Commentary: Doha's Last Stand
July 26, 2004The World Trade Organization is seeking to bring movement to the deadlocked Doha trade round at a special two-day crisis meeting in Geneva that opens on Tuesday. WTO General Director Panitchpakdi Supachai confirmed last week that all parties have pledged to agree to a skeleton accord by the end of the week.
The foundation is a draft produced by Supachai that would demand the elimination of contested export subsidies for farm products. The paper also calls for widespread and worldwide liberalization of goods traffic and services. The fight over agricultural subsidies in rich industrial countries, which total about $300 billion a year led to the collapse of talks in Cancun, Mexico, last September. Ever since, talks have been placed on the back burner.

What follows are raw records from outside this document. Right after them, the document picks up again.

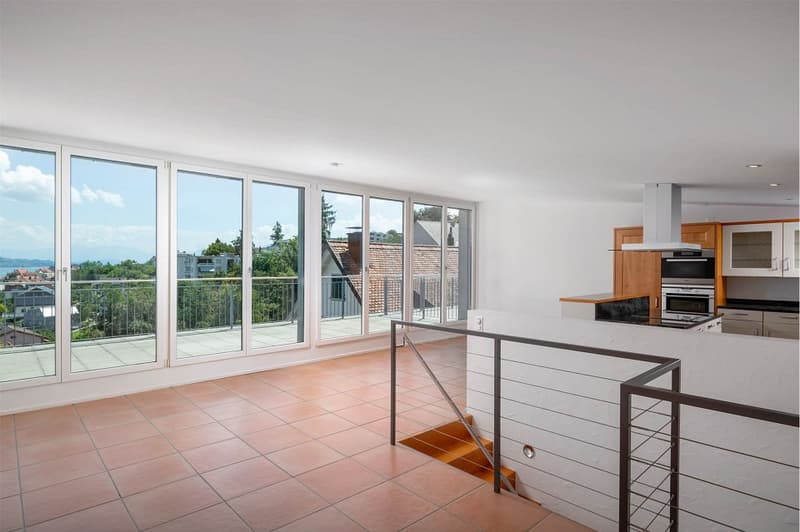 House with a 3½ and a 2½-room apartment with a lake view (3)
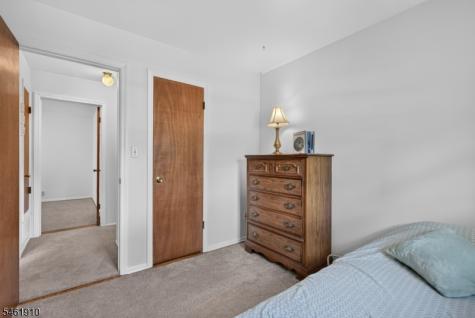 6 Redwood Drive Clinton NJ 08809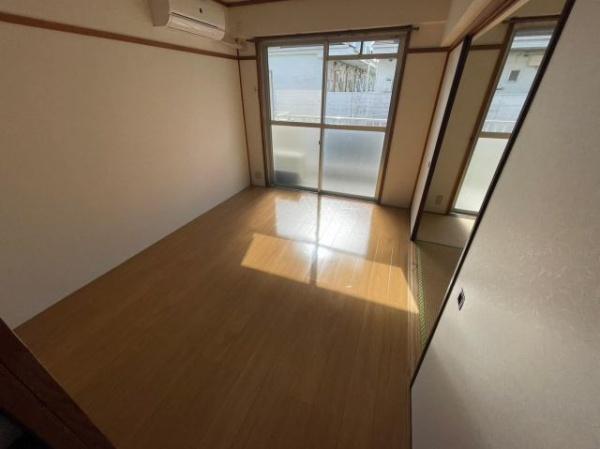 宮崎市新別府町江田原のマンション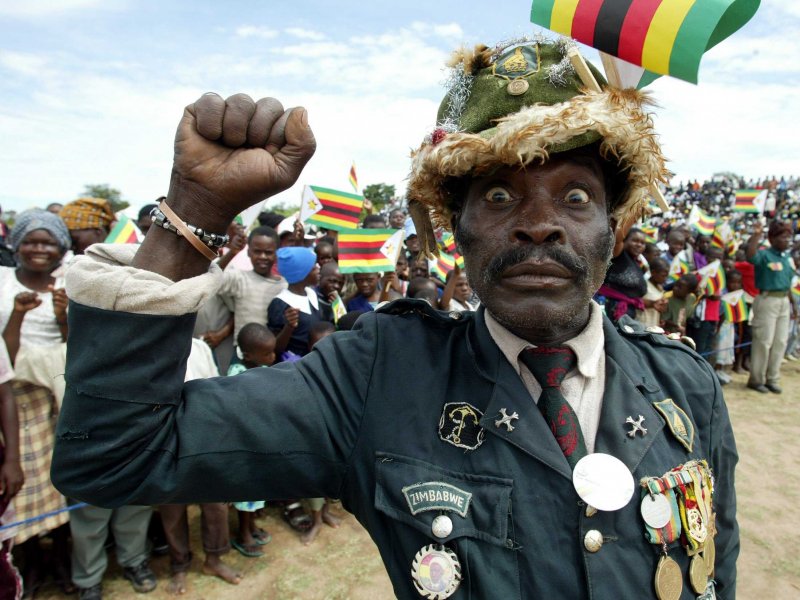 zimbabwe-leader-crazy-guy.jpg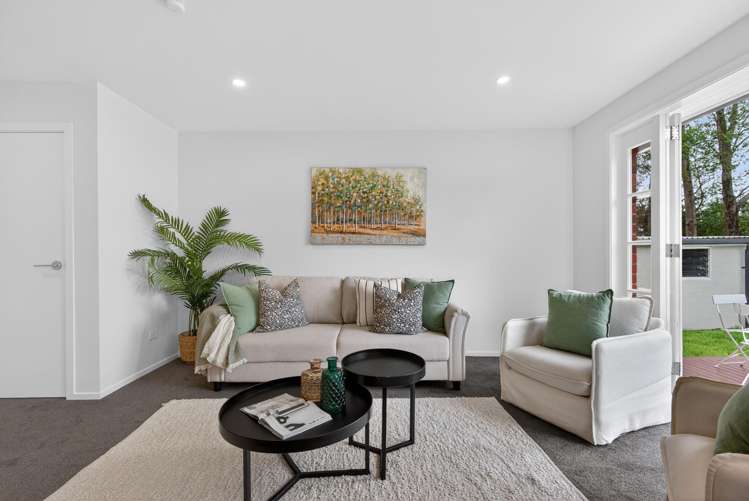 27 Prouse Crescent Naenae_10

Few thrilled by compromise
But on Tuesday, a last attempt will be made by WTO's 147 member states to reach a deal, thus completing the work they were unable to finish in Cancun 10 months ago. If broad enough support can be found, the goal this week is to reach a deal that will lay out a timeframe and the foundations for negotiations of a new world trade accord. Whether sufficient support can be found is far from certain -- the compromise proposal placed on the table last week by Supachai was met with little enthusiasm.
For some, the proposal goes too far, and for others it doesn't go far enough. If an agreement can't be found in the coming days, the negotiations will likely cease, and no one knows if it will be possible to resuscitate them in the future. Opponents of globalization would most certainly celebrate another collapse of the trade round. In their eyes, the WTO is a rogue body in the global economy. Nevertheless, a breakdown of the talks wouldn't stop the process of globalization, it would just slow it down.
The consequences of a weakened WTO
The immediate consequence of a collapse would be a weakening of the WTO. The member states would stay on board and the treaties would remain in effect, but that's not enough to ensure the WTO's long-term authority. And such authority is necessary for the mediation of trade disputes. Without the WTO, these problems would again fall into the hands of diplomats, and that would put smaller countries at an even greater disadvantage. Nor would the superpowers of the world economy benefit. Without the mediation of the Geneva-based WTO, trade disputes between the European Union, the United States, Japan and, eventually, China, would escalate more frequently and could spin out of control far more easily.
A breakdown could also have immediate consequences for growth and the global economy. But there's a huge disparity of opinions when it comes to measuring the impact a general liberalization would have. The World Bank has estimated it would generate $350 billion in new wealth, with more than half of that going to the developing nations since they would have the most to gain from an opening of their markets.
However, the WTO is no development agency. It's an event that takes place within the confines of political reality. For the negotiators in Geneva, the challenge is to find a multilateral way out of the current labyrinth of conflicting political interests by the end of the week.